Extracted records ▸
-------
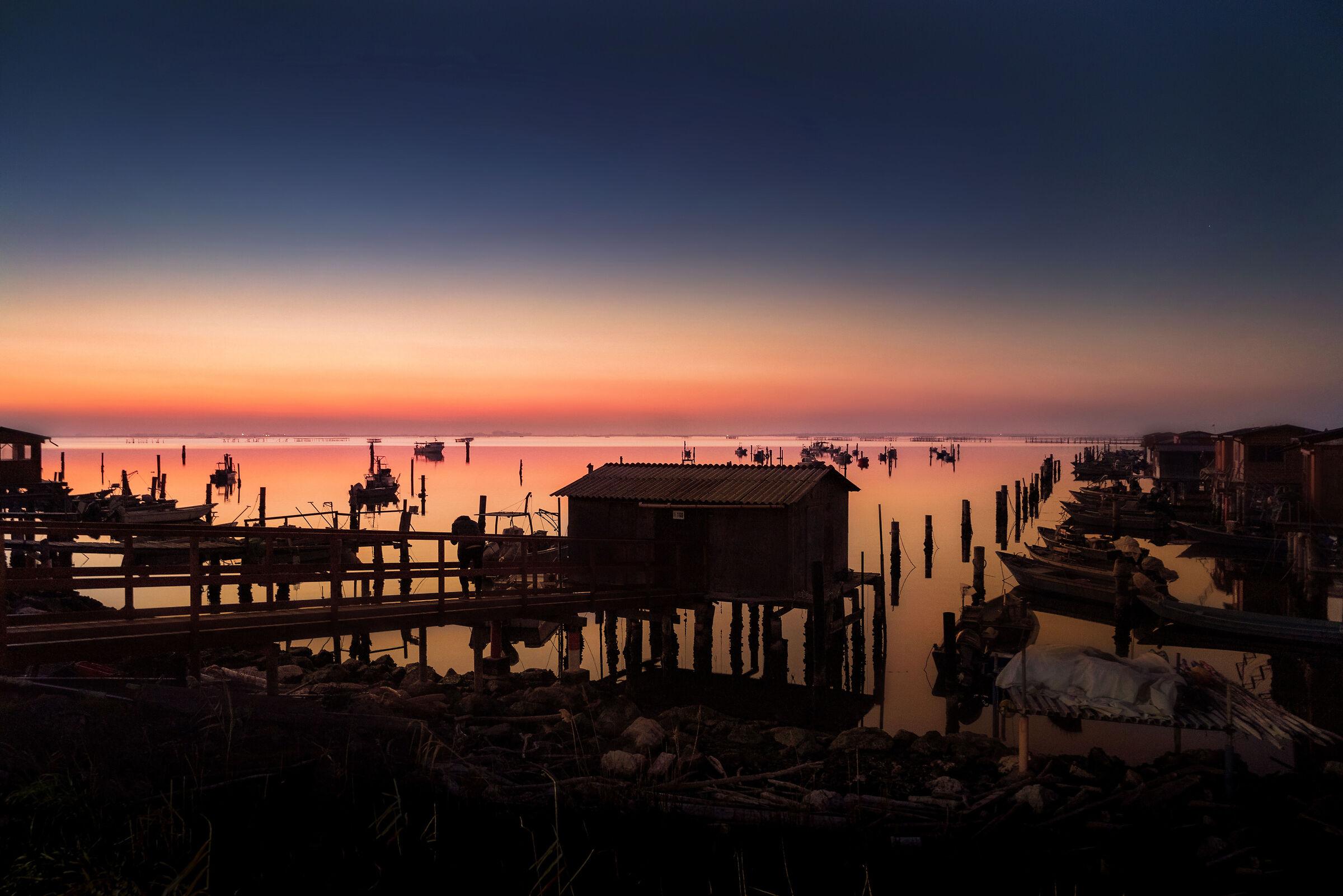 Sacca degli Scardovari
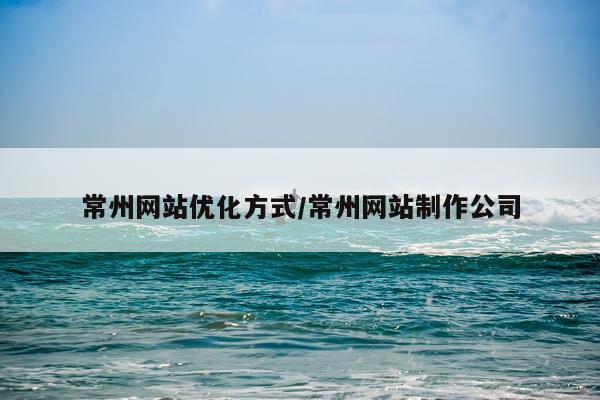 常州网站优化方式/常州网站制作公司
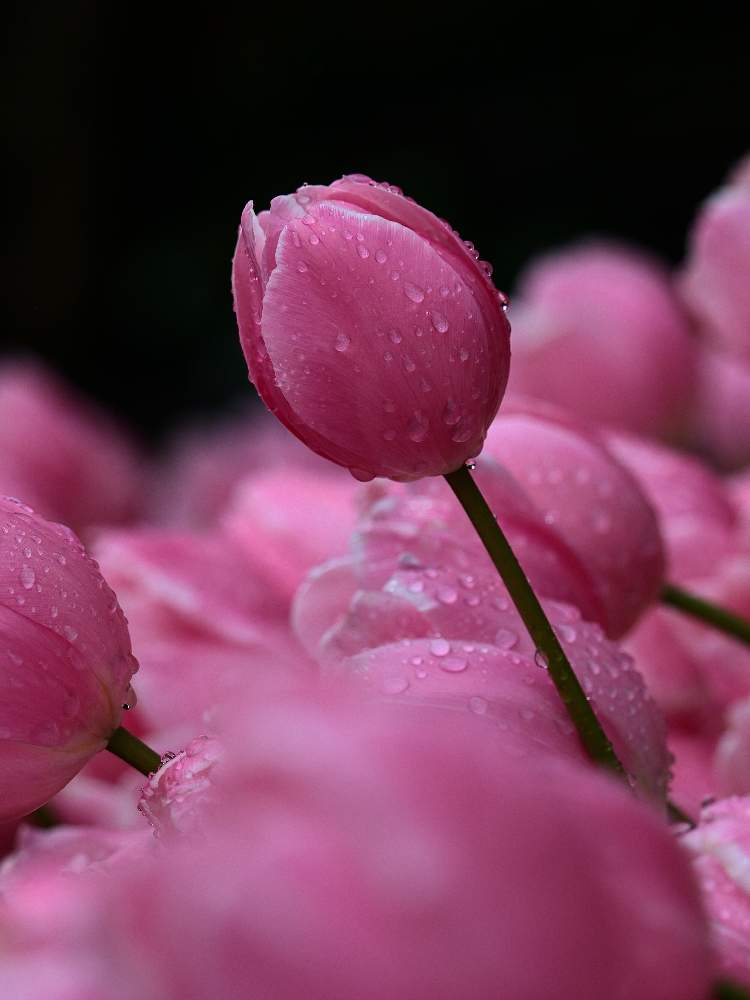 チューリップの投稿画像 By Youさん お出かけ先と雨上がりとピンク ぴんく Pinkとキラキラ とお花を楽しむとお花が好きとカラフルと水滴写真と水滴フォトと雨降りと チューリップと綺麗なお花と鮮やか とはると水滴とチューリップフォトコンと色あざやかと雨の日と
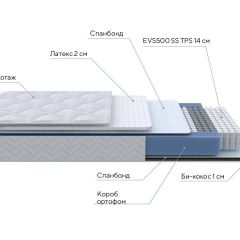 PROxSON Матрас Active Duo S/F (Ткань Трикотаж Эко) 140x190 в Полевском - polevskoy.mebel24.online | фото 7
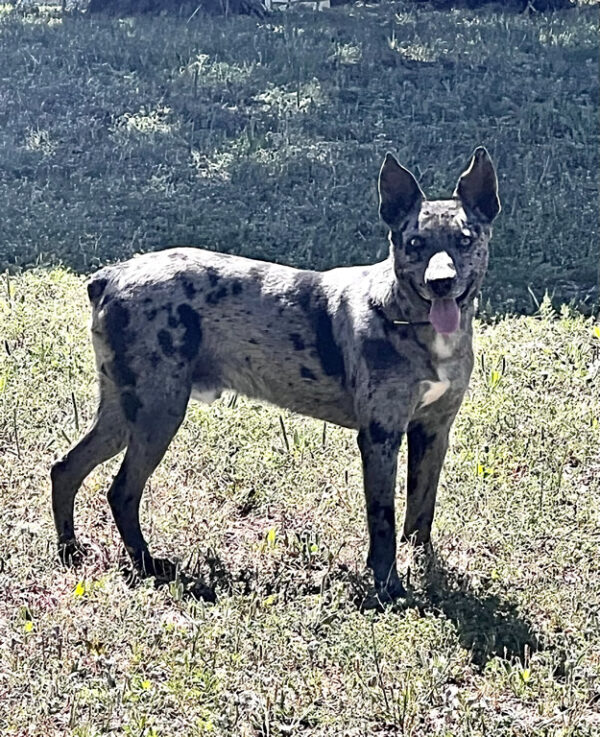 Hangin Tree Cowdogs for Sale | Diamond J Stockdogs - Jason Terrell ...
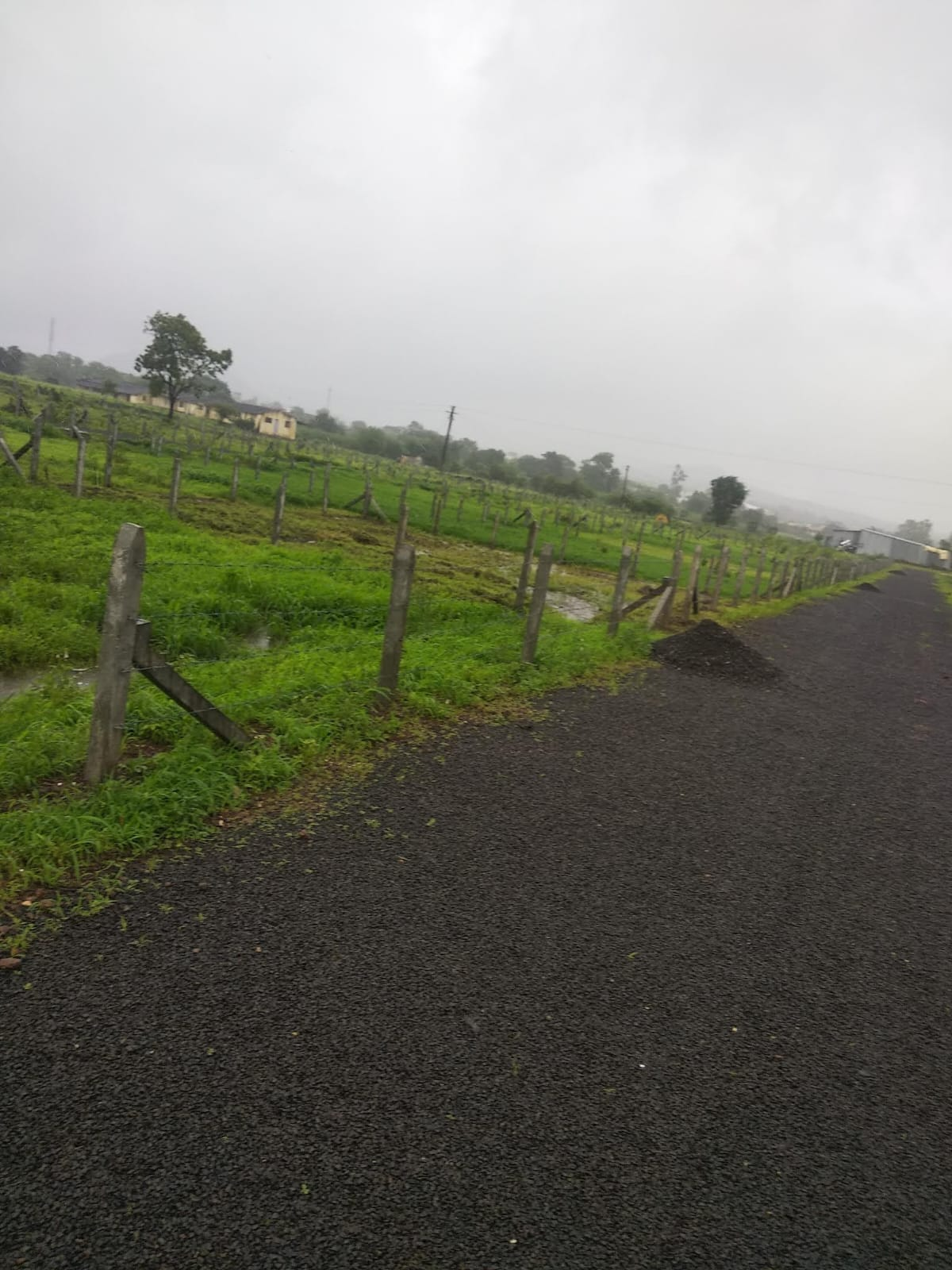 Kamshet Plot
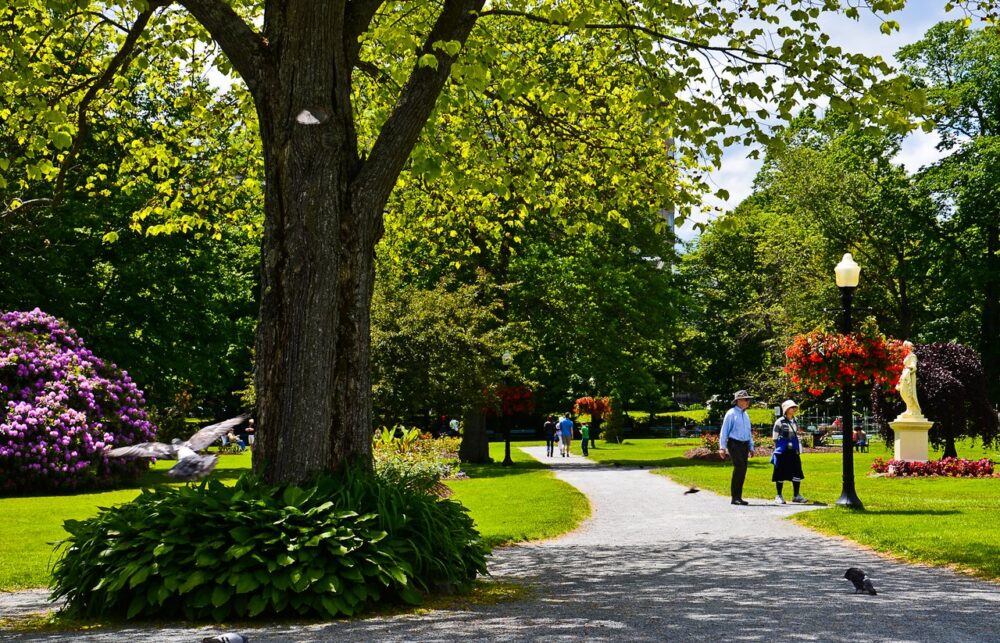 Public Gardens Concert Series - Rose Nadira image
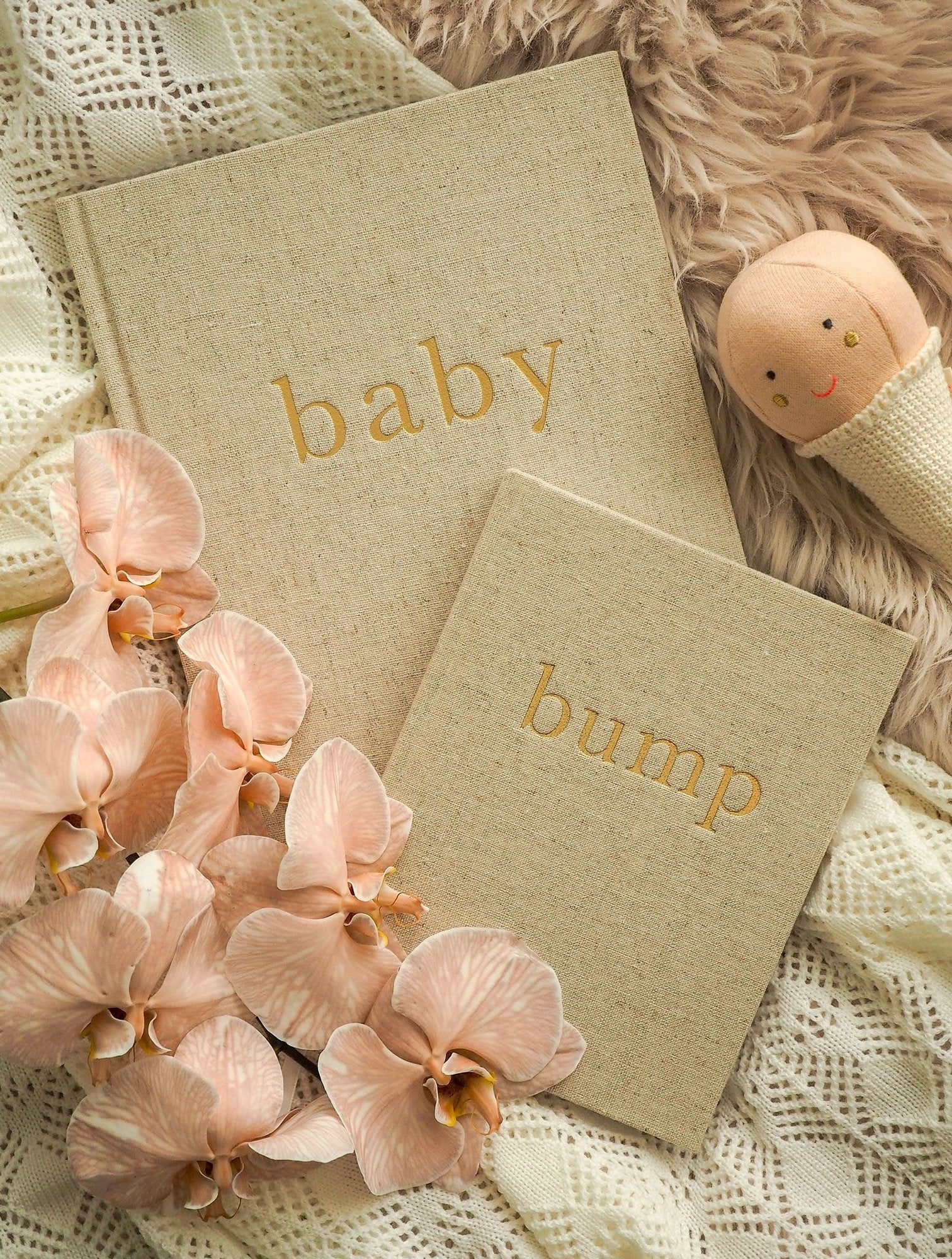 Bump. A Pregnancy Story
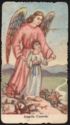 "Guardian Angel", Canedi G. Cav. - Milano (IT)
-------
PROBLEM TO WORK ON ▸ Without the pictures, restate all of the entries above verbatim.

RESULT OF THIS TASK ▸
 Sacca degli Scardovari
 常州网站优化方式/常州网站制作公司
 チューリップの投稿画像 By Youさん お出かけ先と雨上がりとピンク ぴんく Pinkとキラキラ とお花を楽しむとお花が好きとカラフルと水滴写真と水滴フォトと雨降りと チューリップと綺麗なお花と鮮やか とはると水滴とチューリップフォトコンと色あざやかと雨の日と
 PROxSON Матрас Active Duo S/F (Ткань Трикотаж Эко) 140x190 в Полевском - polevskoy.mebel24.online | фото 7
 Hangin Tree Cowdogs for Sale | Diamond J Stockdogs - Jason Terrell ...
 Kamshet Plot
 Public Gardens Concert Series - Rose Nadira image
 Bump. A Pregnancy Story
 "Guardian Angel", Canedi G. Cav. - Milano (IT)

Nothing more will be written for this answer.